====== RECORDS SHOWN ======

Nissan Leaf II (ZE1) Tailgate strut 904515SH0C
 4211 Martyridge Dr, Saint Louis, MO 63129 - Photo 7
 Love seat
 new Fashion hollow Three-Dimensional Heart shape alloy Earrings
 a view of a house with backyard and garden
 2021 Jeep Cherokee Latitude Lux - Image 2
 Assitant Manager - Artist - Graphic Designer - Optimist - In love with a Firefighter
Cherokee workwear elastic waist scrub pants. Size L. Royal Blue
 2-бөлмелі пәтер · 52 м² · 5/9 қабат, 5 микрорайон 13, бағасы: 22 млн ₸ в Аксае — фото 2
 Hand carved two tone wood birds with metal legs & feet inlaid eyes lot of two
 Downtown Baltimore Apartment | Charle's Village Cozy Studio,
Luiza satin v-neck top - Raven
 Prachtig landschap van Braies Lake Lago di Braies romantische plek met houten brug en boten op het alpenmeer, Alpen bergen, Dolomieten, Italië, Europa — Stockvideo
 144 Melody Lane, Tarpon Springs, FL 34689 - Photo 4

======

- TASK PROMPT -
Each line from the one containing "2-бөлмелі пәтер ·" to the last line of the material above should be reproduced word for word, with nothing added.

- EXPECTED ANSWER -
 2-бөлмелі пәтер · 52 м² · 5/9 қабат, 5 микрорайон 13, бағасы: 22 млн ₸ в Аксае — фото 2
 Hand carved two tone wood birds with metal legs & feet inlaid eyes lot of two
 Downtown Baltimore Apartment | Charle's Village Cozy Studio,
Luiza satin v-neck top - Raven
 Prachtig landschap van Braies Lake Lago di Braies romantische plek met houten brug en boten op het alpenmeer, Alpen bergen, Dolomieten, Italië, Europa — Stockvideo
 144 Melody Lane, Tarpon Springs, FL 34689 - Photo 4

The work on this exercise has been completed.